One of the reasons I have always been proud to be a part of this industry is that it gives consumers true value … quality parts, knowledgeable technicians and real value for the money spent. I know auto repairs are one of those subjects many complain about, but I have been around long enough to know that customers always complain about the invoice. However, if the works is done on time and done right the first time, they will always come back.
But, even before I got anywhere near this industry, I was a consumer of automotive service and aftermarket parts. And the reason I always chose aftermarket product over original equipment products was simple for me: I always knew aftermarket product was better – better engineered, better manufactured, better tested, better value.

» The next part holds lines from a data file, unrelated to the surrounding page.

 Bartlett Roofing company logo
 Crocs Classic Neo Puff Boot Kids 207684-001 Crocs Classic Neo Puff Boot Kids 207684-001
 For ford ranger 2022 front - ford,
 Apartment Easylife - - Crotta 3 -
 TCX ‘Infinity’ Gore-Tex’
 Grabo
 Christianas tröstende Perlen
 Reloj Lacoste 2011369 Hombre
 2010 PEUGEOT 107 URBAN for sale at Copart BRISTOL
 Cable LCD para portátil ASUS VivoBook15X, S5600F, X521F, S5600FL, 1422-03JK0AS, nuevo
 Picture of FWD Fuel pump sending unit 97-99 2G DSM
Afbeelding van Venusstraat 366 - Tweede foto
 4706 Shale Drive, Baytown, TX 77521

Simple logic told me that carmakers built cars to sell. And, to get the car produced at a reasonable price point and to look the way they wanted it to look, the automakers had to make compromises in the design of the components used in the vehicle. On top of that, I realized that the aftermarket manufacturers had the advantage of studying how the OE parts wore, re-engineering the parts to compensate for inherent weaknesses in the original design.

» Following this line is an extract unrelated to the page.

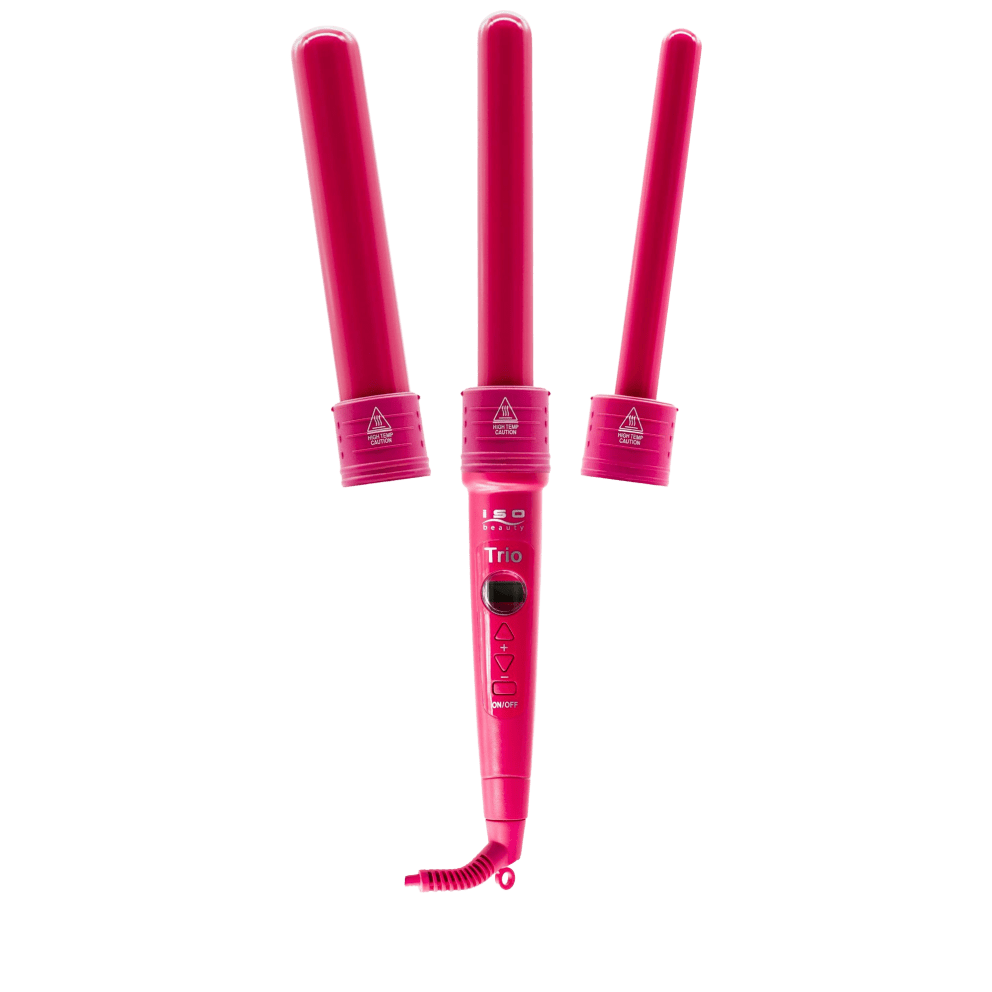  Available in 2 colors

Somehow, though, over the years, we seem to have let that quality advantage melt away, allowing the quality message become a perception of “almost as good,” with the carmakers slowly eroding the truth that aftermarket components are equal to or better than OE parts. Regardless of the reality, perception is what folks believe.

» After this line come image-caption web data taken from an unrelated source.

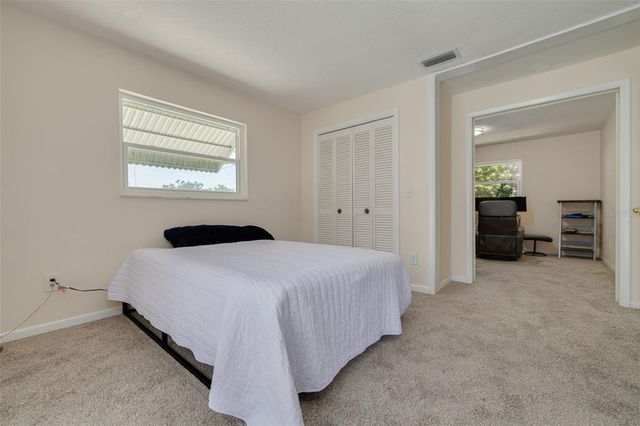 8960 140TH STREET, Seminole, FL 33776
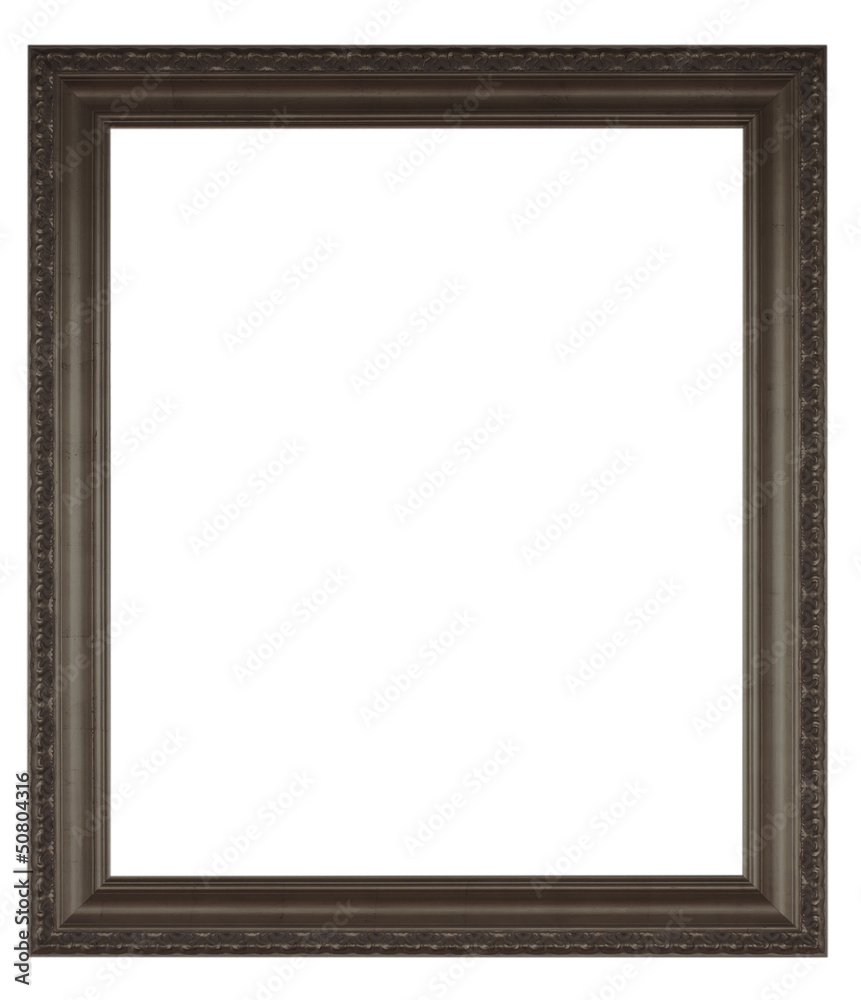 frame frame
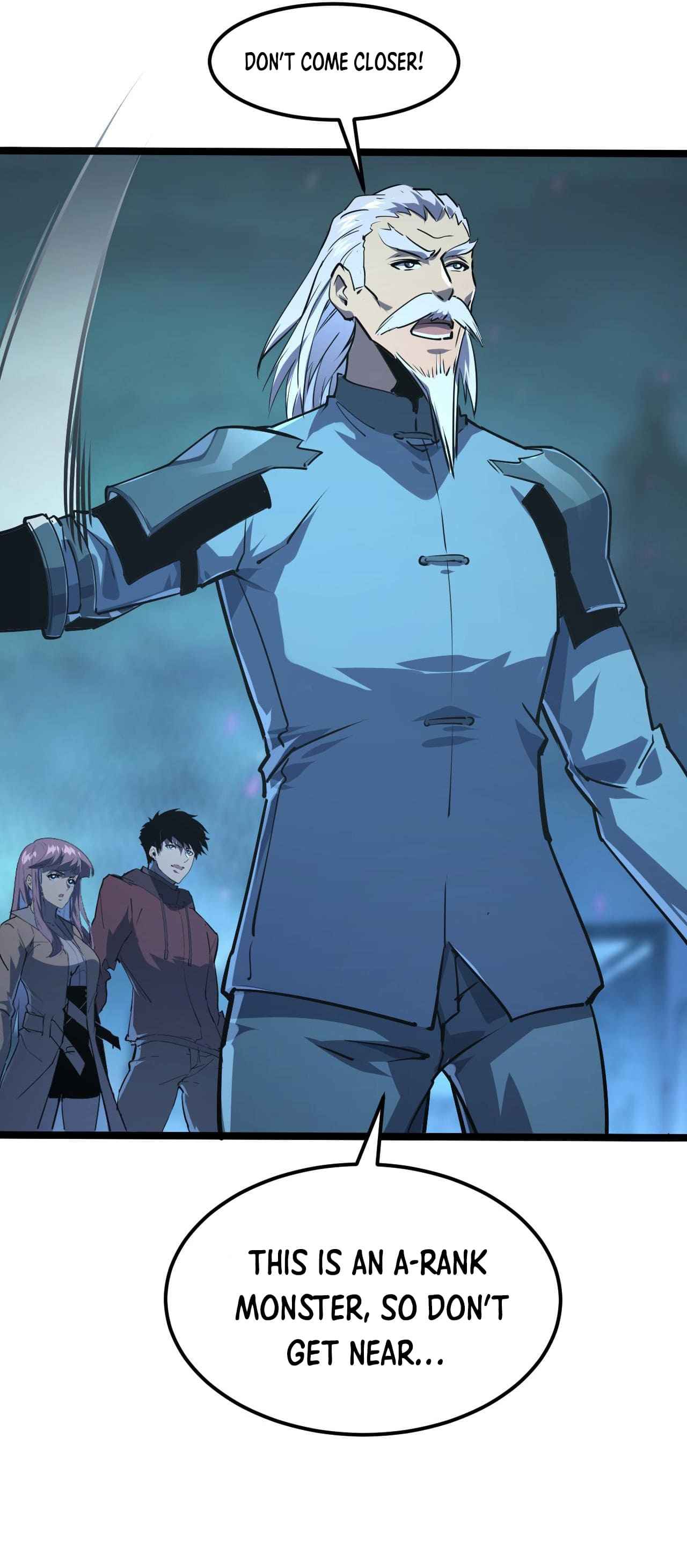 Page 14 of Chapter 104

That’s why I have been pleased with the overall “Know Your Parts” campaign out if AASA, and particularly pleased to see that they have taken the campaign a step further, beginning the process of setting up a website for technicians and shop owners that promotes the “what’s in the box” message to the keystone members of the aftermarket channel.
To that end, AASA is now seeking significant input from those technicians and shop owners in the industry regarding what should be available on that site, what types of information will benefit the folks who throw away the box. Those interested in supplying some ideas can go to the site noted above and share their input.
Back in the day, consumers knew that aftermarket product was quality product, backed by brand names that they recognized and knew they could trust in. But brand awareness has diminished over the years, and many of the most recognized aftermarket brands have either faded completely out of sight or have been diluted to the point that they are barely remembered. And, in the breach, there are parts retailers and program groups — today’s recognized brands and the ones that must promote the quality of the product and the quality of the shops that do the work.
Like or not, the world has changed dramatically, and how the message gets to consumers is more complex now then ever. Between social media and other Internet-based entities, consumers are inundated with the marketing message from both carmakers and aftermartketers alike. But, for too long, as an industry, we have allowed others to control the quality message.
Maybe we assume consumers know our parts are the highest quality and, most often, better than the original components. But, through programs like the “Know Your Parts” campaign, maybe we can continue to regain the ground we have lost regarding the quality message.